Many of the people in the CS department at LeTourneau have recently joined Google Wave. Thus far we’ve used it as a planning resource for the campus ACM chapter, for setting up a new computer lab, and a method of communication in a software engineering course. Here are two quick things I’ve noticed about it.
Wave is for groups You can use it as a one-on-one communication tool, but it’s overkill. Nonetheless, it’s used for individual comms. The hesitation level for sending a message seems to be lower; only slightly higher than instant messaging. The barrier to add 3rd parties is also much lower; most two-party waves I’ve engaged in don’t stay that way for long. We’re rather social creatures, really.
Each wave has a structural limit I didn’t see this one coming, but it’s true. Once a wave passes about 150 posts, it is discarded and people start a new one. This seems to be for two reasons.
First, the Wave client turns to molasses in January at critical mass. Not an issue. It’s just software; clever people can fix it and Google has plenty of clever people.

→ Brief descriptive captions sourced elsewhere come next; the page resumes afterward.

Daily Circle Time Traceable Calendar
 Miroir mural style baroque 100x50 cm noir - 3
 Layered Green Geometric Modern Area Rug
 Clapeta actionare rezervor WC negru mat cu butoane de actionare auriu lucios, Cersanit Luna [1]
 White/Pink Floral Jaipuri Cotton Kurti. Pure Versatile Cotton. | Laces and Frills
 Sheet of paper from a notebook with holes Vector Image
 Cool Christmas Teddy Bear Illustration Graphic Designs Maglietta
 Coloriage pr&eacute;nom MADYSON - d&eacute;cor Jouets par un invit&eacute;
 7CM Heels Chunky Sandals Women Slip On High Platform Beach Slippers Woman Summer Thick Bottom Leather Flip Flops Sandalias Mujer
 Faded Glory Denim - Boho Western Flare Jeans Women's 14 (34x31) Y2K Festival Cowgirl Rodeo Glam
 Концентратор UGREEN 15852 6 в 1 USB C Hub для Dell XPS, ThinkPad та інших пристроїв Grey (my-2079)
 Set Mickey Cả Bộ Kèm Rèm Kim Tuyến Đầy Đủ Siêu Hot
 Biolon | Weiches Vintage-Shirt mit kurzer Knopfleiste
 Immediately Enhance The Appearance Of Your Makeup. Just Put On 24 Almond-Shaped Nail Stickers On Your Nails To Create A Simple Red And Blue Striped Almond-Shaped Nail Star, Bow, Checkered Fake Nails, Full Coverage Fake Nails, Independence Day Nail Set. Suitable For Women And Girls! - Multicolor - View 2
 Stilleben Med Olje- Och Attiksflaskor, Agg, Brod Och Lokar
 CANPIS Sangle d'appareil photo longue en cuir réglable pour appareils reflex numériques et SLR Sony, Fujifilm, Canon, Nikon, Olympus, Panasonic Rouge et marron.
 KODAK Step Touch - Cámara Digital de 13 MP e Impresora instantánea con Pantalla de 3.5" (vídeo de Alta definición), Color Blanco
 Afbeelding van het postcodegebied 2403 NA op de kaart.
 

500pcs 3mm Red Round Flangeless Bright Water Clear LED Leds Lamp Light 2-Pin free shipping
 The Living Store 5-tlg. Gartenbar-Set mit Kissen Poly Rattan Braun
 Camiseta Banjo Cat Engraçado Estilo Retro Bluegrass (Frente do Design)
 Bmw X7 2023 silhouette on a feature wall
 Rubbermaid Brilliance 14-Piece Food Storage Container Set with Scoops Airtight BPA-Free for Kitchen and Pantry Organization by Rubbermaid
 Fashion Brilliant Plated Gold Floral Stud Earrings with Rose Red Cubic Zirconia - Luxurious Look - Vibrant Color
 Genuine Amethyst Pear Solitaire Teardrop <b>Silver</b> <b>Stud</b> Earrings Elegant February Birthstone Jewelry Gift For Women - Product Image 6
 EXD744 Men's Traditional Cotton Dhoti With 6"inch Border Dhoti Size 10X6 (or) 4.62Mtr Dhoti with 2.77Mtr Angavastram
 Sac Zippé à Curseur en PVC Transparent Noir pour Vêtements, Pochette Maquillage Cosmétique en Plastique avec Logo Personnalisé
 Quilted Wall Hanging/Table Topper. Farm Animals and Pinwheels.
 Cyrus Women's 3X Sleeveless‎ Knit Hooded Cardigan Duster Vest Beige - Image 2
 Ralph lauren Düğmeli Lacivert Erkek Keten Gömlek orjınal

Second, long waves are just harder to read. There may be useful information, but the signal to noise ratio just isn’t worth it. There’s this human element to it. You can edit other people’s documents, but editing and deleting other people’s conversations just feels wrong somehow. Wiki developers have figured this out and adapted by clearly distinguishing between articles and discussion while still maintaining a unity between them. Word processors have attempted to resolve the issue by using annotations. I suspect part of the problem here is that there’s often no clear distinction between what is raw information and what is not.
So, yep. Wave is right there with Wiki as far as exciting collaboration tools go. Just a few scaling issues right now.